### WHAT YOU NEED TO DO
The line holding "Large Kawaii Gaming" and all lines that follow it to the end of the data: return these exactly, and nothing more.

### INPUT MATERIAL

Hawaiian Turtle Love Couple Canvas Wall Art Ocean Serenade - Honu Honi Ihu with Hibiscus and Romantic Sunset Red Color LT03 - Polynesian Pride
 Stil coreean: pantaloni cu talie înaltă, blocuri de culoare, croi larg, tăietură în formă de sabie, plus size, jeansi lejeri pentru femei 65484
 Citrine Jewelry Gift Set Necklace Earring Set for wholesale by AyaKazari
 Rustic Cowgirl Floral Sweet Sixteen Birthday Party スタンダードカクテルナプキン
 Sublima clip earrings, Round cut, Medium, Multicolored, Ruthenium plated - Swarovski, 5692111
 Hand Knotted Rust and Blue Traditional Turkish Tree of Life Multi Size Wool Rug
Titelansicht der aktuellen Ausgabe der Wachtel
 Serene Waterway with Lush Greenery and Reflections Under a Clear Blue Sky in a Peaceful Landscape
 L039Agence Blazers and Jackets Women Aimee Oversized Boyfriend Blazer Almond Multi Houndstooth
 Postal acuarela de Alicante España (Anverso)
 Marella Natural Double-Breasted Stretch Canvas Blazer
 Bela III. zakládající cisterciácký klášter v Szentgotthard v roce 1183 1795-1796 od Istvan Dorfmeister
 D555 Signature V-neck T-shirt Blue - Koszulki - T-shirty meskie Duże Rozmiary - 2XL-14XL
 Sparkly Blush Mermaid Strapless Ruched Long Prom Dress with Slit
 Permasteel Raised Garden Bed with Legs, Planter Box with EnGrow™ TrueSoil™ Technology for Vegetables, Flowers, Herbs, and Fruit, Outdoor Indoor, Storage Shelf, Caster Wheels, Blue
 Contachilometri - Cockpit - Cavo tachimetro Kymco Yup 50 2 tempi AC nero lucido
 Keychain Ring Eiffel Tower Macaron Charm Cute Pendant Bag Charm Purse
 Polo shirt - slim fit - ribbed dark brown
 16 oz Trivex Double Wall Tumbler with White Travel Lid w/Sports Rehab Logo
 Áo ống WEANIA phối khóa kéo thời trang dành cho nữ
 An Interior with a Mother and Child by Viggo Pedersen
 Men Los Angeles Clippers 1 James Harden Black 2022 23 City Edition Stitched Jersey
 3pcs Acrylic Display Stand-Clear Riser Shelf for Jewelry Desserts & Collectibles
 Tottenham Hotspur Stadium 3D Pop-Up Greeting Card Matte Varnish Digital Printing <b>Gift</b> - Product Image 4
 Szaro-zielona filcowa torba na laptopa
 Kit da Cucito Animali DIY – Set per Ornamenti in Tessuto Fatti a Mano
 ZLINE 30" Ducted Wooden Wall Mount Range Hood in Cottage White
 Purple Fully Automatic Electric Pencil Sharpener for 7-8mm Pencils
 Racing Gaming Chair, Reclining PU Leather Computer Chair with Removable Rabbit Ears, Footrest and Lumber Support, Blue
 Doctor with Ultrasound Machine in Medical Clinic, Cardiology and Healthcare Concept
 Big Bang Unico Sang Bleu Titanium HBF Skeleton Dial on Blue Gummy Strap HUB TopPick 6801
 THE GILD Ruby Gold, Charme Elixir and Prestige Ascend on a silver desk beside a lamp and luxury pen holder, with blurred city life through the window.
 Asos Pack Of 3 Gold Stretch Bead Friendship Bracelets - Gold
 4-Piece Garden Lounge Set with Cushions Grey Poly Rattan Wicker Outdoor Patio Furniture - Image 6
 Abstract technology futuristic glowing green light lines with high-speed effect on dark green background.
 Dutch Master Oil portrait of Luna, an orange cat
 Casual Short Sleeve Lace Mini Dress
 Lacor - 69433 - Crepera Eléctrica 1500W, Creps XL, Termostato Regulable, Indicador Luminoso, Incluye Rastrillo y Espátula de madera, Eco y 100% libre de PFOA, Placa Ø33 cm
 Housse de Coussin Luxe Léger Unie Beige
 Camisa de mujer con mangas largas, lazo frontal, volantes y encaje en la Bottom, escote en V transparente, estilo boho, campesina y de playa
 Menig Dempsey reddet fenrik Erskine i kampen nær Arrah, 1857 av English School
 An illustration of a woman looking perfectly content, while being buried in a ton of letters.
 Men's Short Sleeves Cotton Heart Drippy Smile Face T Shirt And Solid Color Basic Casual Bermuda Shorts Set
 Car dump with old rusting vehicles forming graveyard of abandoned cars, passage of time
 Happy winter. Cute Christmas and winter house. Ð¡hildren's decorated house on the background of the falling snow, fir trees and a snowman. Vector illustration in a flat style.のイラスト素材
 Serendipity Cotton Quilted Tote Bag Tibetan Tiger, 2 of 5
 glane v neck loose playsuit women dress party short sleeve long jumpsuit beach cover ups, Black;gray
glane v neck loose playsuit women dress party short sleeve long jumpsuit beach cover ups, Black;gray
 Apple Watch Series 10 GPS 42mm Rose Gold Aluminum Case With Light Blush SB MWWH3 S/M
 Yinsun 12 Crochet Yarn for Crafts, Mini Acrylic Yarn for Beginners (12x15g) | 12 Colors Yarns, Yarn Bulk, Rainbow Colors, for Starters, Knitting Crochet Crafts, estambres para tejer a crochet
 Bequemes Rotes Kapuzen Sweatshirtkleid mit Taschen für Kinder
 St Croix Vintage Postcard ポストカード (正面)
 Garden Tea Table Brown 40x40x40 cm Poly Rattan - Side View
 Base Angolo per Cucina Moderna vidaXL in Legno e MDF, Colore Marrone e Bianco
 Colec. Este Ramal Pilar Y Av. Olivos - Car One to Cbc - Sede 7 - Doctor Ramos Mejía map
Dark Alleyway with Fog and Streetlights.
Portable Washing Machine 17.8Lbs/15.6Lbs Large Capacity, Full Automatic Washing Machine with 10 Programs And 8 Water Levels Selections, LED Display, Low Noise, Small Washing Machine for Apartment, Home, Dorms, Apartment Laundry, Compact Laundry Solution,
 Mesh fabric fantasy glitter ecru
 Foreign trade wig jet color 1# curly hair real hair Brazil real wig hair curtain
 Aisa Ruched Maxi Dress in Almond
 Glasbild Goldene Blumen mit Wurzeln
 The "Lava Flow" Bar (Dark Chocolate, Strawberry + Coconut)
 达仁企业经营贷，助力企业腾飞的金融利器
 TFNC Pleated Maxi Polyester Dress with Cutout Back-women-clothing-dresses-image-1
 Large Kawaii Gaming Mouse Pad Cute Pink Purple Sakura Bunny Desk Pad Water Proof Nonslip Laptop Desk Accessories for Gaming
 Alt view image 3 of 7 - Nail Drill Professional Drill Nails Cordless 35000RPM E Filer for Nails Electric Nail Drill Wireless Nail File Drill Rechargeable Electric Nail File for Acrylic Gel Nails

### EXERCISE OUTPUT
 Large Kawaii Gaming Mouse Pad Cute Pink Purple Sakura Bunny Desk Pad Water Proof Nonslip Laptop Desk Accessories for Gaming
 Alt view image 3 of 7 - Nail Drill Professional Drill Nails Cordless 35000RPM E Filer for Nails Electric Nail Drill Wireless Nail File Drill Rechargeable Electric Nail File for Acrylic Gel Nails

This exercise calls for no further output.